= Prague Interbank Offered Rate =

The Prague Interbank Offered Rate (PRIBOR) is the average rate at which banks are willing to lend liquidity on the Czech interbank money market and as such, reflects the price of money on the market.

PRIBOR belongs to the family of IBORs (InterBank Offered Rates) together with other financial benchmarks, e.g. LIBOR in London or EURIBOR in continental Europe.

== History of PRIBOR ==
PRIBOR was created in Czechoslovakia in 1992 when a need for a financial benchmark was recognized and was modeled in the image of major benchmarks that already existed since the 1980s. It was created by the Central Bank of Czechoslovakia, who started collection quotes from reference banks in order to determine PRIBOR. After the split of Czechoslovakia in 1993, the process of calculating PRIBOR was taken over by the newly created Czech National Bank (CNB). CNB was responsible for calculating the rate up to the point, where they handed over the role of calculation agent to Telerate (who was acquired by Reuters in 2005) and the role of administrator to The Financial Markets Association of the Czech Republic (also called Forex Club Czech Republic) around year 2000.

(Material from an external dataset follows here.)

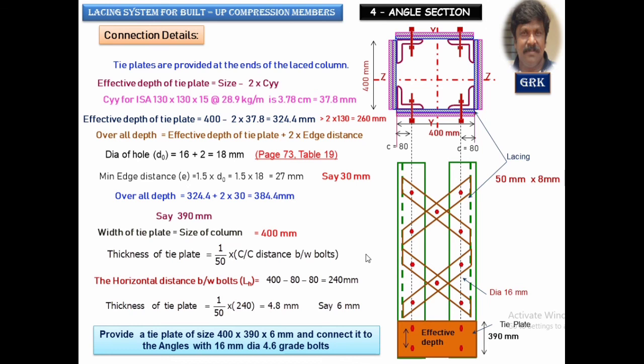Hope you understood the design of a four-angle section with double lacing system. Thank you very much for watching. Please subscribe to get more educational and informative videos.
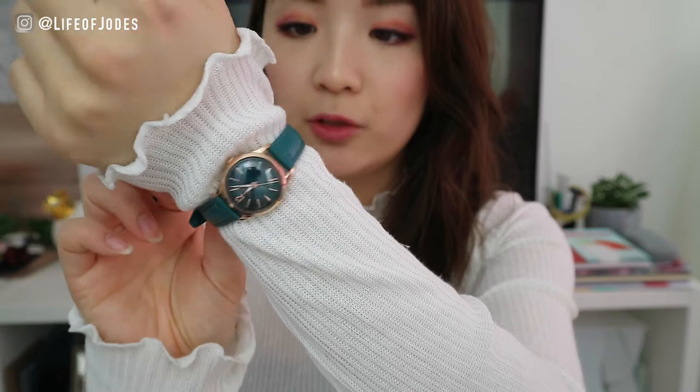So this is the watch, guys — it looks absolutely stunning. I love the color combination of the teal green and the rose gold. This one is actually on the fifth hole, which is quite small, so I'm glad I chose a smaller watch otherwise it would look huge on my little wrist. I'm going to keep this on while I open the other box, which is my husband's.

In the middle of year 2017, Czech Financial Benchmark Facility took PRIBOR over from Czech Forex Club. On December 11, 2018 CFBF was authorized as an administrator under the European Benchmark Regulation (BMR), meaning PRIBOR became one of the first benchmarks to be authorized under BMR.

During its existence, PRIBOR was fixed every business day with a single exception in the summer of 2002, when it was not fixed on August 13 and August 14 due to massive flooding that took place in Czechia.

== Definition and the fixing process ==
PRIBOR is defined as follows: "PRIBOR (or Prague Interbank Offered Rate) is the average interest rate at which unsecured CZK funds are offered by Panel Banks in the interbank market, just prior to 11.00am local time." It i fixed every business day according to the rules that are defined in the Code of Conduct and publicly accessible on the administrator's website. Data used to calculate the final rate are supplied daily to the administrator by the so-called "panel banks" (panel is used to designate a group of banks that are compliant with the requirements put forward by BMR and the administrator and who are therefore eligible to contribute to the calculation of the rate). These data consist mostly of prices of the loans made by the panel bank and if those did not take place, it consists of an expert judgement of said prices using knowledge of the underlying markets. There are currently six banks contributing to the calculation of PRIBOR.

== Usage of the rate ==
PRIBOR provides information about the current price of money on the market, which is important information for financial and non-financial corporations as well as for the government, the central bank and for everyone who is interested in either investing or borrowing money. It is used in a wide range of financial instruments, including standard interbank products such as FRAs, Interest Rate Swaps and others.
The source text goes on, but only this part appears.